Les colons firent à Ogé un reproche outré de son projet de lettre au gouverneur espagnol ; mais il n’appartient pas aux tyrans, qui ne savent que proscrire et tuer, non, jamais il ne leur appartiendra d’apprécier ce sentiment vivace qui attache l’homme à son pays natal, le citoyen à sa patrie.

Du reste, ce moyen qu’imagina Ogé pour échapper à ses persécuteurs n’était pas sérieux ; et Faura, qui a émis une opinion si bien raisonnée en cette circonstance importante, l’a démontré dans son admirable argumentation. Ogé était trop enthousiaste de la révolution et de la nation française, pour avoir conçu sincèrement le désir de devenir le sujet du roi d’Espagne[1].
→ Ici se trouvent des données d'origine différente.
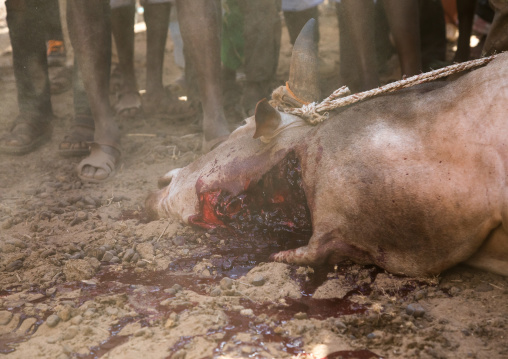 Slaughter of a bull during the Gada system ceremony in Borana tribe, Oromia, Yabelo, Ethiopia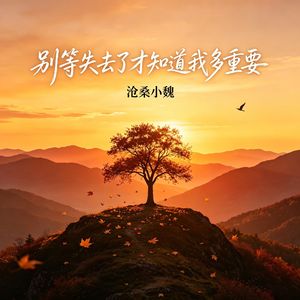 别等失去了才知道我多重要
Le gouverneur Don Joachim Garcia procéda lui-même à l’interrogatoire des fugitifs, dévoués d’avance aux plus horribles supplices. Cette procédure, qu’il fît spontanément, pour préparer celle à laquelle ces infortunés allaient être bientôt soumis dans la partie française, commencée le 23 novembre par l’interrogatoire de Jean-Baptiste Chavanne, arrivé le premier à Santo-Domingo, fut achevée le 12 décembre par l’interrogatoire de Jacob Ogé. Diverses confrontations eurent lieu entre V. Ogé et plusieurs de ses compagnons. Ses réponses, comme celles des autres, n’exprimaient aucune crainte, ni même aucune haine contre les blancs de la colonie française ; ils avouèrent tous le but de leur prise d’armes, qui était de

  1. Voyez l’énergique défense que Sonthonax a présentée en faveur d’Ogé, dans le tome 3 des Débats, page 47 et suivantes. Il a soutenu le droit d’Ogé et de ses compagnons de changer de patrie, pour fuir la tyrannie des colons.